Thanks for your replies; this is still on my 'to do' list, but now I know what to do

'leathertoolz' on YouTube has explained that the bevel should face the piece of leather that you want, and the flat side should face the waste or not needed leather

I am right handed, so I will make the knife with the tang offset so that it is closest to my wrist, and the bevel facing outwards, towards my left

Oh man I went and checked out Leathertoolz vid and it just made my life a little more pleasant. I bought what was labelled as a right hand and a left hand Kiridashi. I planned on using the lefty for skiving which it does wonderfully and the right for cutting patterns. If you are using it for wood working and pushing then they are perfect and labelled correctly. But I was drawing with them and intuitively had the flat portion on my work side. I mean .. want a right angle use the right angle side .. right? But I kept undercutting and it was making me nuts.

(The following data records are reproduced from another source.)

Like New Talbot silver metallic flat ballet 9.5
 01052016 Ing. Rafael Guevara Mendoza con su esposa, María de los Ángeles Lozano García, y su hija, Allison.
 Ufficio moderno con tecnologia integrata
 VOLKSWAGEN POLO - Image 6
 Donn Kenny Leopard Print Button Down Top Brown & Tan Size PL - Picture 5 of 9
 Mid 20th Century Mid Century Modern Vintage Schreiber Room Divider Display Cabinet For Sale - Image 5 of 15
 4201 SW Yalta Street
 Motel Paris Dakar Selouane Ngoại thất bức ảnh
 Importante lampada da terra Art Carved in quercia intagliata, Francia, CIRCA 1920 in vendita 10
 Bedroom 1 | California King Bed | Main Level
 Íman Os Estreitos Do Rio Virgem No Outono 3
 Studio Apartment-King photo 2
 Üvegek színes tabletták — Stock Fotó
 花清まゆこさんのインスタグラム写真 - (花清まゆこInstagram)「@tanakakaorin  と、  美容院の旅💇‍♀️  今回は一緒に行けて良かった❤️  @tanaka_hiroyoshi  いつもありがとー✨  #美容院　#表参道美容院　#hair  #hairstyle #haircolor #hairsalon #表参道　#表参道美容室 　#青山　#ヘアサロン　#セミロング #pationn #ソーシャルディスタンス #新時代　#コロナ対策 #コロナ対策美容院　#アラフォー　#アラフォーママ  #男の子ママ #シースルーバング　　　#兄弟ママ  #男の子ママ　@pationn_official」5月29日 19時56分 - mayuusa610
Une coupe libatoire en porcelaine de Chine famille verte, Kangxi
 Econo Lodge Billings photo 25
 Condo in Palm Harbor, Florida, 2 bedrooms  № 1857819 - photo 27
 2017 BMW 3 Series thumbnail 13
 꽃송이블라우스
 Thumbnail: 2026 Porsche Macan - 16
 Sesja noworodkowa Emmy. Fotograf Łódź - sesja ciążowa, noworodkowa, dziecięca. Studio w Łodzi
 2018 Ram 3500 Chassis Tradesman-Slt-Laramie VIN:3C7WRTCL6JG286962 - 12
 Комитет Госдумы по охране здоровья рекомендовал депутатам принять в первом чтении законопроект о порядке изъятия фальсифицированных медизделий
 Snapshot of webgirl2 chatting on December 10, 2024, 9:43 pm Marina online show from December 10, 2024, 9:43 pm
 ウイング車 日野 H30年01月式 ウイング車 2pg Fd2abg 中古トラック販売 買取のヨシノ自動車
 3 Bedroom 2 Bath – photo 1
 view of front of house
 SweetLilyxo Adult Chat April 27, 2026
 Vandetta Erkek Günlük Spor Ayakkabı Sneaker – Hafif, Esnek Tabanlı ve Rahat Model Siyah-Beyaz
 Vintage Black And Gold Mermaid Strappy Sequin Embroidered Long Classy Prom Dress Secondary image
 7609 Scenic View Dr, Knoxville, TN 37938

Leathertoolz is a lefty so I had to mentally change up a little but once I worked out what he was dishing I went and tried it. Cut out 5 holsters today... all beautiful and square!! Bevel side in to your work actually makes for a square edge. Especially since if you are a righty you are likely leaning the knife out right so you can watch your cut line from the left. It worked perfectly. All I needed was the Lefty model and I would have been fine. Sure I will find a use for the righty for something?